Even for a simple space such as the sphere, it is easy to calculate the cohomology, but I find it much harder to find the ring structure. (This link gives the answer for the 2-sphere, and the generalisation to the $n$-sphere is clear)
I have tried having a look at Hatcher's notes on this (specifically examples 3.7-3.9 on pp. 207-209). Specifically in Hatcher's book, he  claims that $\varphi_1 \cup \psi_1 = 0$ on all 2-simplcies, except the one with outer edge, $b_1$ which is where I got lost. 
I tried having a look at the sphere, which has a very simple cohomology, so I figured the cup product should be easy to calculate. I know that the only two non-zero homology groups are $H^0(S^1,\mathbb{Z}) \simeq \mathbb{Z}$ and $H^n(S^n,\mathbb{Z}) \simeq \mathbb{Z}$. So let 1 be the generator of $H^0$ and $x$ the generator of $H^n$ (do we say 1 in the $H^0$ case, as this is the unit of the ring?). Then we have the cup products $1 \smile 1$, $1 \smile x$, $x \smile 1$,$x \smile x$. I can guess that $1 \smile 1 = 1$, but what about the others? How does one calculate this in general? Obviously there is some something simple I am missing?
Is there another nice book that has some nice examples on calculating cohmology rings?
 A: Maybe I will at least show how the cohomology ring for the sphere works, based on the above. I will leave as community wiki, so it can be tidied up if something is not quite right. If I work out any other spaces, I will try explain them here as well.

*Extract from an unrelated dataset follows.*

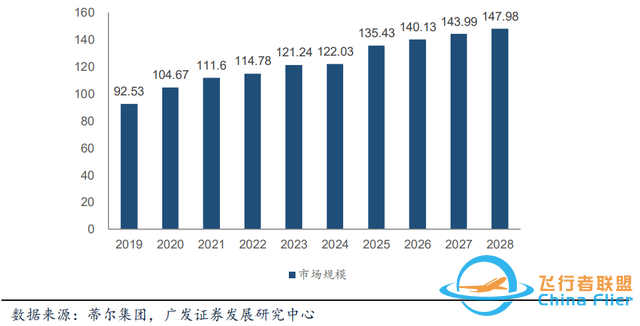 中國一流創新技術之無人機：高端制造與先進信息技術結晶-4415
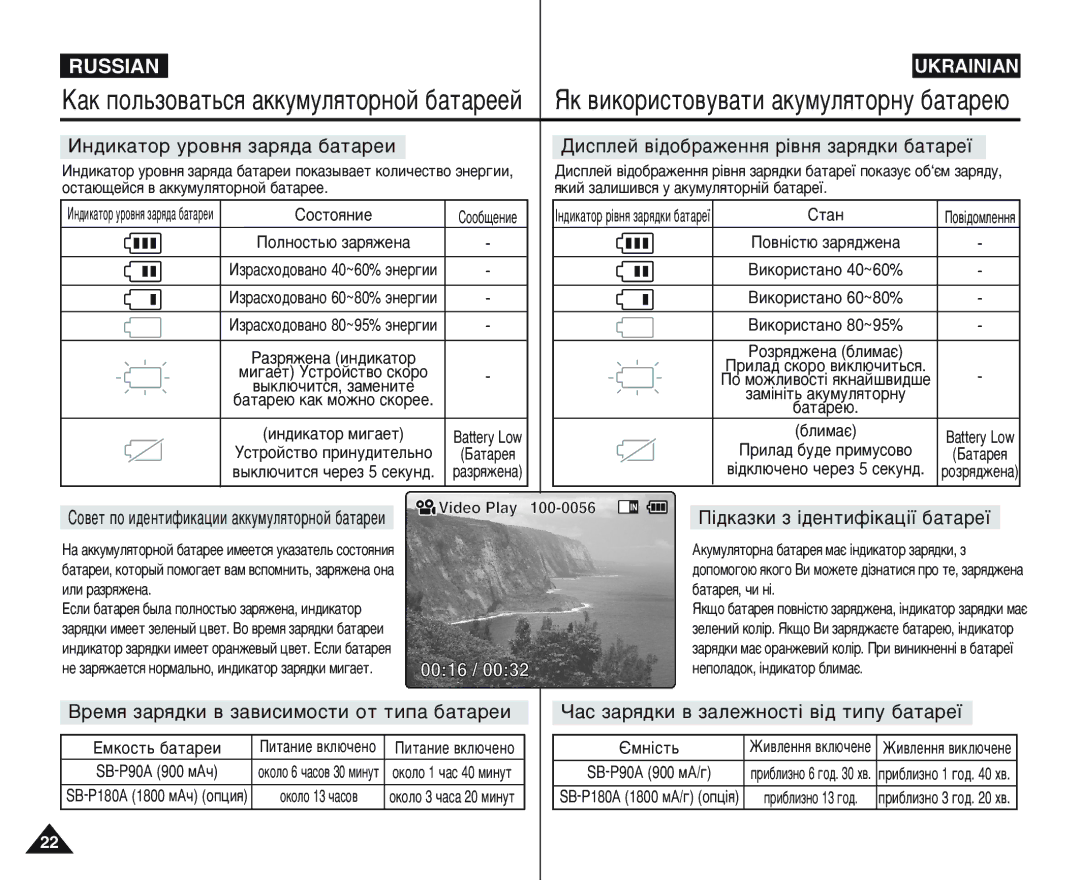 Samsung VP-M105S/XEV manual Ñëòôîâè ‚¥‰Ó·‡ÊÂÌÌﬂ ¥‚Ìﬂ Á‡ﬂ‰ÍË ·‡Ú‡Âª, ÂÏﬂ Á‡ﬂ‰ÍË ‚ Á‡‚ËÒËÏÓÒÚË ÓÚ ÚËÔ‡ ·‡Ú‡ÂË, ∏Ïì¥Òú¸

Firstly, note that we know that there are only two non-zero cohomology groups $H^0(S^n,\mathbb{Z})\simeq \mathbb{Z}$ and $H^n(S^n,\mathbb{Z})\simeq \mathbb{Z}$. The element of degree 0 must be the unit of the ring (noting that cup product with $H^0$ is a map $H^k(X;\mathbb{Z}) \otimes H^0(X;\mathbb{Z}) \to H^k(X;\mathbb{Z})$). We therefore label the generator of $H^0$ as 1 and $H^n$ as $x$. The relations satisfied are therefore $1 \smile 1 = 1, 1 \smile x = x, x \smile 1 = x, x \smile x = 0$ (as we end in degree $H^{2n}=0$). We know that $$H^*(X;\mathbb{Z}) = \bigoplus_{p \ge 0} H^p(X;\mathbb{Z})$$ and so we have that $$H^*(X;\mathbb{Z}) \simeq \alpha_1 \cdot 1 \oplus \alpha_2 \cdot x, \quad \alpha_1,\alpha_2 \in \mathbb{Z}$$ with the relations as above. This is abstractly isomorphic to the polynomial ring $\mathbb{Z}[x]/(x^2)$, where $x$ is the generator of $H^n(S^n,\mathbb{Z})$
A similar calculation shows that the cohomology ring for $H^*(\mathbb{R} P^2, \mathbb{Z})$ is $\mathbb{Z}[x]/(2x,x^2)$ where $x$ is a generator of $H^2(\mathbb{R} P^2,\mathbb{Z})$